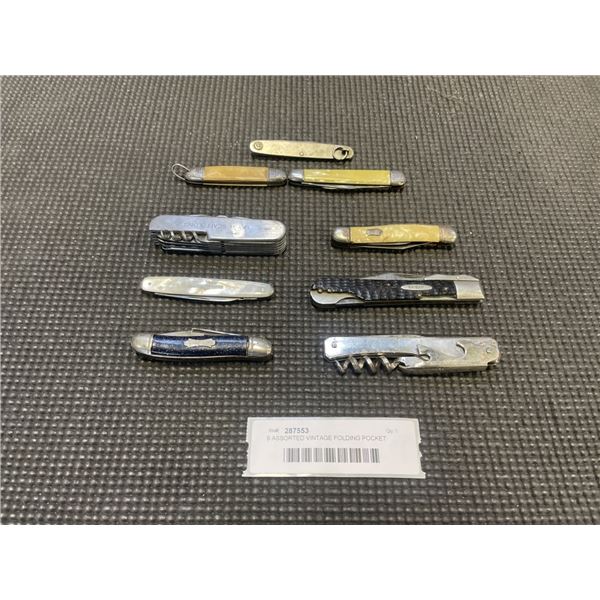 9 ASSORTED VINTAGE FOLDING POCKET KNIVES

######

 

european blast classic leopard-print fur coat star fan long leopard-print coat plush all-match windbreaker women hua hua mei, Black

######

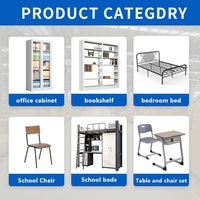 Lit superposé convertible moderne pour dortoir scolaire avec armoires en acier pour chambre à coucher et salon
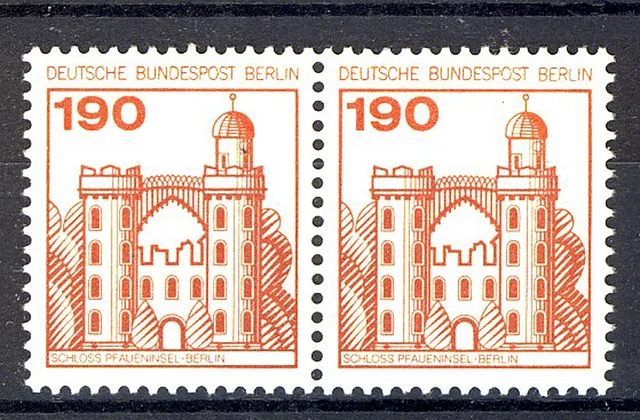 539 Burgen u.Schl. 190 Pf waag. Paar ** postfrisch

######

> [ASSIGNED TASK]:
Using the material above, transcribe exactly the lines from the one holding "Lit superposé convertible" to the one holding "539 Burgen u.Schl.", both ends kept. Do not carry over any pictures.

> [RESPONSE BELOW]:
 Lit superposé convertible moderne pour dortoir scolaire avec armoires en acier pour chambre à coucher et salon
 539 Burgen u.Schl. 190 Pf waag. Paar ** postfrisch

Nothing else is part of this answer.